Q. Which aspect of ESG does your firm care more about?
Interestingly, 39% of respondents to this question point to the “S,” or social impact component of ESG, which includes how businesses interact with and care for their workforces, communities and geopolitical environments. The COVID-19 pandemic has certainly pushed the “S” into the spotlight, highlighting a range of social issues—from access to health care to occupational health and safety—that present important considerations for private equity investors.
Social impact can be the most difficult element for investors to assess, as it is often perceived as less tangible than environmental and governance factors (the “E” and “G” in ESG, respectively), and data on how the “S” impacts company performance is less mature.1 Social factors are becoming more material for many industries, however, as they are increasingly being linked to a company’s reputation and brand equity. As such, the investment community is pushing Wall Street’s biggest data providers for more information.2
Q. How do you measure the impact of ESG investing?
Over one-third (38%) responding to this question said they use the United Nations Sustainable Development Goals (SDGs) to measure ESG impact. Formally adopted by 193 countries in September 2015, the SDGs outline a set of objectives to be achieved by 2030 that aim to end poverty, hunger and inequality, while tackling climate change, improving health and education, and spurring economic growth. According to the Business and Sustainable Development Commission, putting the SDGs at the heart of the world’s economic strategy could unlock $12 trillion in opportunities and 380 million jobs a year by 2030.3
Other approaches are being used by 61% of firms responding to this question. Over the past five years, more companies across industries have been publishing sustainability reports, with 90% of the largest 500 companies in the U.S. reporting in 2019—an 11% increase since 2015.4 A range of frameworks are being used, including those provided by the Taskforce on Climate-related Financial Disclosures (TCFD) and Global Reporting Initiative (GRI).
Q. What is the next frontier of ESG data?

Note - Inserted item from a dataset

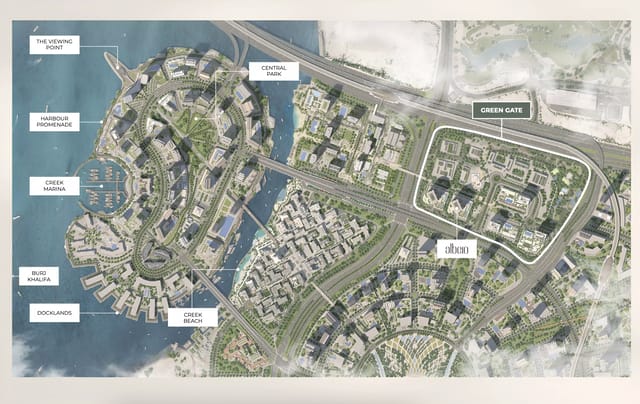 Albero by Emaar Properties - View Image 7 Albero - Emaar Properties Development - Image 7 of 16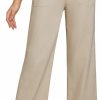 Online GRACE KARIN Grace Karin Women'S Wide Leg Pants Dress Pants With Pockets Elasticized Back Waist Lounge Pants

Almost half (48%) responding to this question said positive impact analytics will be the next area of focus, with 20% already reporting on this for their investments. One way to measure positive impact involves looking at the contribution a company is making to the SDGs, which tends to be through the sale of SDG-aligned products and services. Currently, 71% of the 500 largest U.S. companies and 63% of the 1,200 largest global companies have business models that support the SDGs.5
Q. How do you incorporate ESG?
Most respondents (58%) point to due diligence/investment risk analysis ex-ante, where ESG considerations are embedded into investment policy, analysis and decision-making. There are also increasing requirements for ESG reporting, including disclosure of the ESG risk and opportunity profile of portfolio companies, the approach to assessing environmental and social benefits created by portfolio companies, as well as how the risks and opportunities of climate change posed to portfolio companies are being assessed.
The survey results show that ESG is gaining momentum at private equity firms, with two-thirds (66%) of respondents having guiding principles in place, or in the works. With more attention paid to the perceived lack of ESG data on private assets and financial materiality for the industry, sustainability issues should continue to gain a stronger voice in the decision-making process of sponsors and their investors.